Each line from the one that holds "Потолочный светильник Freya FR6028CL-L40W" to the end of the records is to be retyped exactly. Pictures are not part of the copy.

[Image-text web data]

================================

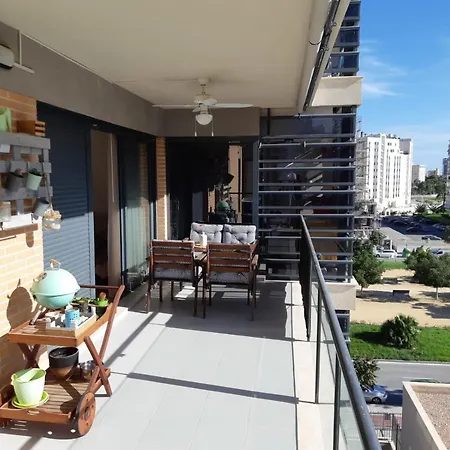 Apartamento San Juan *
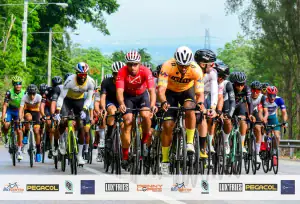 Fogueo El Plomo Cruce del Abanico 2024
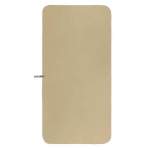 Sea to Summit POCKET TOWEL S, Desert
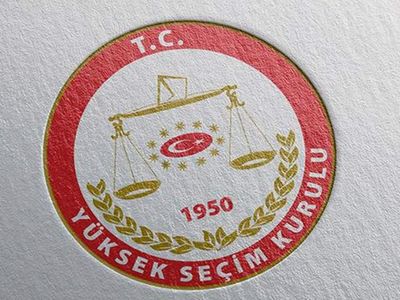 YSK güncel rakamları açıkladı: Yurt dışında oy kullanma süreci sürüyor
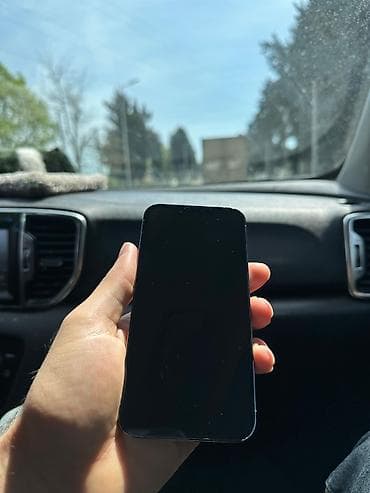 iphone 7 aux: IPhone 13 Pro, Sierra Blue, Face ID — 2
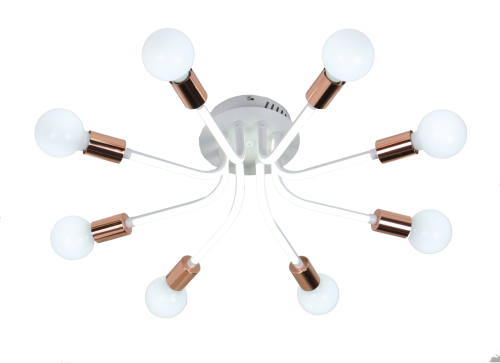 Потолочный светильник Freya FR6028CL-L40W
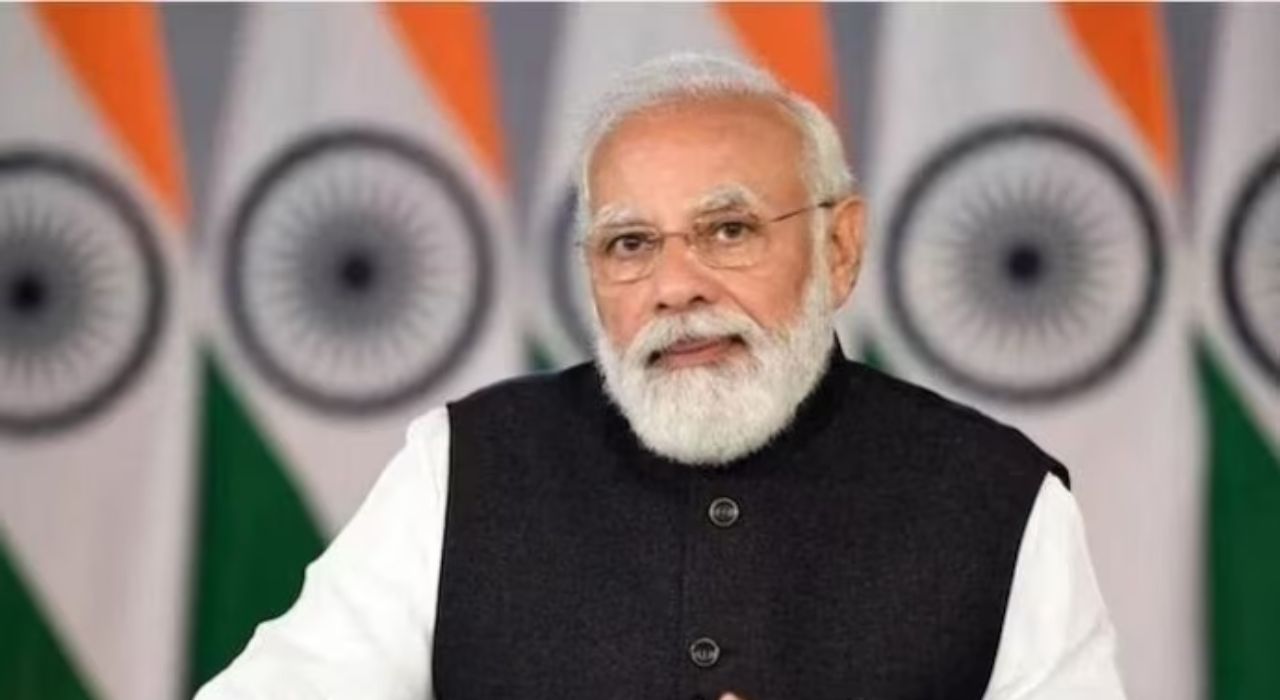 PM Modi : 'आधी पुरावे द्या, नक्कीच विचार करू'; पन्नू प्रकरणी PM मोदींचे अमिरेकेला खडेबोल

================================

*FINISHED EXERCISE:*
 Потолочный светильник Freya FR6028CL-L40W
 PM Modi : 'आधी पुरावे द्या, नक्कीच विचार करू'; पन्नू प्रकरणी PM मोदींचे अमिरेकेला खडेबोल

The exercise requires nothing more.